Assigned task - Restate the entries below without a single change.

Exercise data -
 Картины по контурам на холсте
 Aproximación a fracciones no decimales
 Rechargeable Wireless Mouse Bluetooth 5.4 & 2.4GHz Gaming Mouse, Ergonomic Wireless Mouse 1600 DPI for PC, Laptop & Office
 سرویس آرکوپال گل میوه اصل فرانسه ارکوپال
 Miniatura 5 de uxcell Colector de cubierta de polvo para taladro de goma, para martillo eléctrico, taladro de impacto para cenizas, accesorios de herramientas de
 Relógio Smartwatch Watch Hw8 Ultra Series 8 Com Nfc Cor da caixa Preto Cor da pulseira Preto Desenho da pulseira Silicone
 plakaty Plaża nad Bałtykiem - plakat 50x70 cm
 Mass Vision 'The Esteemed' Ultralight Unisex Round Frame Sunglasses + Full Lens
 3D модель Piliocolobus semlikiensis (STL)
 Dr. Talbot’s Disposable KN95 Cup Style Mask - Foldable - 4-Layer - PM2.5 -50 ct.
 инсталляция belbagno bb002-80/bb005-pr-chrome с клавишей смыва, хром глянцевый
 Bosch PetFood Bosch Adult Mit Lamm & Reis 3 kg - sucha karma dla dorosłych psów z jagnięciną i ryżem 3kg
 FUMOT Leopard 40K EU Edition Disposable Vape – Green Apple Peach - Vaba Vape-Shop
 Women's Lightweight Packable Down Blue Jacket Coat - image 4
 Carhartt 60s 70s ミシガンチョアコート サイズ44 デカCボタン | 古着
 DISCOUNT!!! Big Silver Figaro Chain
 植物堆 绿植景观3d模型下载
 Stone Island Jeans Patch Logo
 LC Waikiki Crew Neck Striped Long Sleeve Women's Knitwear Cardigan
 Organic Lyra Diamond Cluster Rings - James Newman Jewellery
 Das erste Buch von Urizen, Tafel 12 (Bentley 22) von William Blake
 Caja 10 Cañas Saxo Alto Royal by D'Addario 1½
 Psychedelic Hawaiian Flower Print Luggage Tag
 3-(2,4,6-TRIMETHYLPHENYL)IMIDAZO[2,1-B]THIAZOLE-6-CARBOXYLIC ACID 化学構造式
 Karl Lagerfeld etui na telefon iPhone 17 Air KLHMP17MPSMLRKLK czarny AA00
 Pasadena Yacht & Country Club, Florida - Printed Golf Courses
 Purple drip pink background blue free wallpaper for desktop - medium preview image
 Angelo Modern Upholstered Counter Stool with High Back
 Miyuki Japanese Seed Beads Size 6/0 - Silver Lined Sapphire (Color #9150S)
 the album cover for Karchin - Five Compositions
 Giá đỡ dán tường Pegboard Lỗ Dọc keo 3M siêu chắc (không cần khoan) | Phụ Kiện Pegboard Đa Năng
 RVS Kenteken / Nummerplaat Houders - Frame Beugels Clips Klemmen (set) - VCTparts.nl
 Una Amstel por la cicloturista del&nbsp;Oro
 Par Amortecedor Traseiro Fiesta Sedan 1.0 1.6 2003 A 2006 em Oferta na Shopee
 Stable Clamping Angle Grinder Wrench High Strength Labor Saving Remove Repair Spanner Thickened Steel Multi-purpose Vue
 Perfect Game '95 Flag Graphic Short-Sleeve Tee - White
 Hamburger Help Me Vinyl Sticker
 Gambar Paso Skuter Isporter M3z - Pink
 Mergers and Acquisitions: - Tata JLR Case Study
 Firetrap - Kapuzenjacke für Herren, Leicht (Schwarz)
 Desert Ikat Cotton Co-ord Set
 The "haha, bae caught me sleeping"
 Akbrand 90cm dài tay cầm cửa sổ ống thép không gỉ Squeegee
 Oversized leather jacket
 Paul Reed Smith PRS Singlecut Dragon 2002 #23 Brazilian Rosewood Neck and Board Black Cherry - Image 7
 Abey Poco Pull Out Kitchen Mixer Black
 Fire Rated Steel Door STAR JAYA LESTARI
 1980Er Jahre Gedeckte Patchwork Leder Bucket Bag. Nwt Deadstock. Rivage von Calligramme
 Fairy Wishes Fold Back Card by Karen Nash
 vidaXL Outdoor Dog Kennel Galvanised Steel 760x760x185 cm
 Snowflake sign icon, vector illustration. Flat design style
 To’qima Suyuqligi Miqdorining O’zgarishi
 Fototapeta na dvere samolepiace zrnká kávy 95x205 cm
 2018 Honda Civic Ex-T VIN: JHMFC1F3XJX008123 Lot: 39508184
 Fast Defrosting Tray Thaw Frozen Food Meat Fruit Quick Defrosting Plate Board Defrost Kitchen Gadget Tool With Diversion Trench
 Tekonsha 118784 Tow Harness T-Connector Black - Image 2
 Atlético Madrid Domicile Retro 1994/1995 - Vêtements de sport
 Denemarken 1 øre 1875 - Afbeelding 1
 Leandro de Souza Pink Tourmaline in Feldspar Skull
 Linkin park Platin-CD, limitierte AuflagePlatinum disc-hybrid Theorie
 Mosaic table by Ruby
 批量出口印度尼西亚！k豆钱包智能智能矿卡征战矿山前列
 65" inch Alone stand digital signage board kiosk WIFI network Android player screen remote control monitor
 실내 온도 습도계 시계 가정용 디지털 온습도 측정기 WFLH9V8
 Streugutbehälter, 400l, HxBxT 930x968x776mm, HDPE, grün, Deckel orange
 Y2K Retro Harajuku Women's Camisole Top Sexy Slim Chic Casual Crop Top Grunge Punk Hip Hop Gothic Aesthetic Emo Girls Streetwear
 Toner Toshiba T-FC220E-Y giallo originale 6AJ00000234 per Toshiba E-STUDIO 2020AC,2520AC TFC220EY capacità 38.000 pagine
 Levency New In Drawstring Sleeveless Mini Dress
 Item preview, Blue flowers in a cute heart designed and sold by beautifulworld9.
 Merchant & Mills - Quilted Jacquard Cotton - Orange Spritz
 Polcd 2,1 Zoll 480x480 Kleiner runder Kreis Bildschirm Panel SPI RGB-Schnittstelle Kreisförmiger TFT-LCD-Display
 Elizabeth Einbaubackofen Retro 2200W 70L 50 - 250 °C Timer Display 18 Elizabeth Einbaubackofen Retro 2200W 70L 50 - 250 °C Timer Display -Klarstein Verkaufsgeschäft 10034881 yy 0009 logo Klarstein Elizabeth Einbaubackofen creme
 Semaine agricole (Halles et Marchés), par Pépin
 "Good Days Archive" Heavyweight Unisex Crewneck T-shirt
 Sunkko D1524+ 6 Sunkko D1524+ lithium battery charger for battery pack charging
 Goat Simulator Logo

Exercise output -
 Картины по контурам на холсте
 Aproximación a fracciones no decimales
 Rechargeable Wireless Mouse Bluetooth 5.4 & 2.4GHz Gaming Mouse, Ergonomic Wireless Mouse 1600 DPI for PC, Laptop & Office
 سرویس آرکوپال گل میوه اصل فرانسه ارکوپال
 Miniatura 5 de uxcell Colector de cubierta de polvo para taladro de goma, para martillo eléctrico, taladro de impacto para cenizas, accesorios de herramientas de
 Relógio Smartwatch Watch Hw8 Ultra Series 8 Com Nfc Cor da caixa Preto Cor da pulseira Preto Desenho da pulseira Silicone
 plakaty Plaża nad Bałtykiem - plakat 50x70 cm
 Mass Vision 'The Esteemed' Ultralight Unisex Round Frame Sunglasses + Full Lens
 3D модель Piliocolobus semlikiensis (STL)
 Dr. Talbot’s Disposable KN95 Cup Style Mask - Foldable - 4-Layer - PM2.5 -50 ct.
 инсталляция belbagno bb002-80/bb005-pr-chrome с клавишей смыва, хром глянцевый
 Bosch PetFood Bosch Adult Mit Lamm & Reis 3 kg - sucha karma dla dorosłych psów z jagnięciną i ryżem 3kg
 FUMOT Leopard 40K EU Edition Disposable Vape – Green Apple Peach - Vaba Vape-Shop
 Women's Lightweight Packable Down Blue Jacket Coat - image 4
 Carhartt 60s 70s ミシガンチョアコート サイズ44 デカCボタン | 古着
 DISCOUNT!!! Big Silver Figaro Chain
 植物堆 绿植景观3d模型下载
 Stone Island Jeans Patch Logo
 LC Waikiki Crew Neck Striped Long Sleeve Women's Knitwear Cardigan
 Organic Lyra Diamond Cluster Rings - James Newman Jewellery
 Das erste Buch von Urizen, Tafel 12 (Bentley 22) von William Blake
 Caja 10 Cañas Saxo Alto Royal by D'Addario 1½
 Psychedelic Hawaiian Flower Print Luggage Tag
 3-(2,4,6-TRIMETHYLPHENYL)IMIDAZO[2,1-B]THIAZOLE-6-CARBOXYLIC ACID 化学構造式
 Karl Lagerfeld etui na telefon iPhone 17 Air KLHMP17MPSMLRKLK czarny AA00
 Pasadena Yacht & Country Club, Florida - Printed Golf Courses
 Purple drip pink background blue free wallpaper for desktop - medium preview image
 Angelo Modern Upholstered Counter Stool with High Back
 Miyuki Japanese Seed Beads Size 6/0 - Silver Lined Sapphire (Color #9150S)
 the album cover for Karchin - Five Compositions
 Giá đỡ dán tường Pegboard Lỗ Dọc keo 3M siêu chắc (không cần khoan) | Phụ Kiện Pegboard Đa Năng
 RVS Kenteken / Nummerplaat Houders - Frame Beugels Clips Klemmen (set) - VCTparts.nl
 Una Amstel por la cicloturista del&nbsp;Oro
 Par Amortecedor Traseiro Fiesta Sedan 1.0 1.6 2003 A 2006 em Oferta na Shopee
 Stable Clamping Angle Grinder Wrench High Strength Labor Saving Remove Repair Spanner Thickened Steel Multi-purpose Vue
 Perfect Game '95 Flag Graphic Short-Sleeve Tee - White
 Hamburger Help Me Vinyl Sticker
 Gambar Paso Skuter Isporter M3z - Pink
 Mergers and Acquisitions: - Tata JLR Case Study
 Firetrap - Kapuzenjacke für Herren, Leicht (Schwarz)
 Desert Ikat Cotton Co-ord Set
 The "haha, bae caught me sleeping"
 Akbrand 90cm dài tay cầm cửa sổ ống thép không gỉ Squeegee
 Oversized leather jacket
 Paul Reed Smith PRS Singlecut Dragon 2002 #23 Brazilian Rosewood Neck and Board Black Cherry - Image 7
 Abey Poco Pull Out Kitchen Mixer Black
 Fire Rated Steel Door STAR JAYA LESTARI
 1980Er Jahre Gedeckte Patchwork Leder Bucket Bag. Nwt Deadstock. Rivage von Calligramme
 Fairy Wishes Fold Back Card by Karen Nash
 vidaXL Outdoor Dog Kennel Galvanised Steel 760x760x185 cm
 Snowflake sign icon, vector illustration. Flat design style
 To’qima Suyuqligi Miqdorining O’zgarishi
 Fototapeta na dvere samolepiace zrnká kávy 95x205 cm
 2018 Honda Civic Ex-T VIN: JHMFC1F3XJX008123 Lot: 39508184
 Fast Defrosting Tray Thaw Frozen Food Meat Fruit Quick Defrosting Plate Board Defrost Kitchen Gadget Tool With Diversion Trench
 Tekonsha 118784 Tow Harness T-Connector Black - Image 2
 Atlético Madrid Domicile Retro 1994/1995 - Vêtements de sport
 Denemarken 1 øre 1875 - Afbeelding 1
 Leandro de Souza Pink Tourmaline in Feldspar Skull
 Linkin park Platin-CD, limitierte AuflagePlatinum disc-hybrid Theorie
 Mosaic table by Ruby
 批量出口印度尼西亚！k豆钱包智能智能矿卡征战矿山前列
 65" inch Alone stand digital signage board kiosk WIFI network Android player screen remote control monitor
 실내 온도 습도계 시계 가정용 디지털 온습도 측정기 WFLH9V8
 Streugutbehälter, 400l, HxBxT 930x968x776mm, HDPE, grün, Deckel orange
 Y2K Retro Harajuku Women's Camisole Top Sexy Slim Chic Casual Crop Top Grunge Punk Hip Hop Gothic Aesthetic Emo Girls Streetwear
 Toner Toshiba T-FC220E-Y giallo originale 6AJ00000234 per Toshiba E-STUDIO 2020AC,2520AC TFC220EY capacità 38.000 pagine
 Levency New In Drawstring Sleeveless Mini Dress
 Item preview, Blue flowers in a cute heart designed and sold by beautifulworld9.
 Merchant & Mills - Quilted Jacquard Cotton - Orange Spritz
 Polcd 2,1 Zoll 480x480 Kleiner runder Kreis Bildschirm Panel SPI RGB-Schnittstelle Kreisförmiger TFT-LCD-Display
 Elizabeth Einbaubackofen Retro 2200W 70L 50 - 250 °C Timer Display 18 Elizabeth Einbaubackofen Retro 2200W 70L 50 - 250 °C Timer Display -Klarstein Verkaufsgeschäft 10034881 yy 0009 logo Klarstein Elizabeth Einbaubackofen creme
 Semaine agricole (Halles et Marchés), par Pépin
 "Good Days Archive" Heavyweight Unisex Crewneck T-shirt
 Sunkko D1524+ 6 Sunkko D1524+ lithium battery charger for battery pack charging
 Goat Simulator Logo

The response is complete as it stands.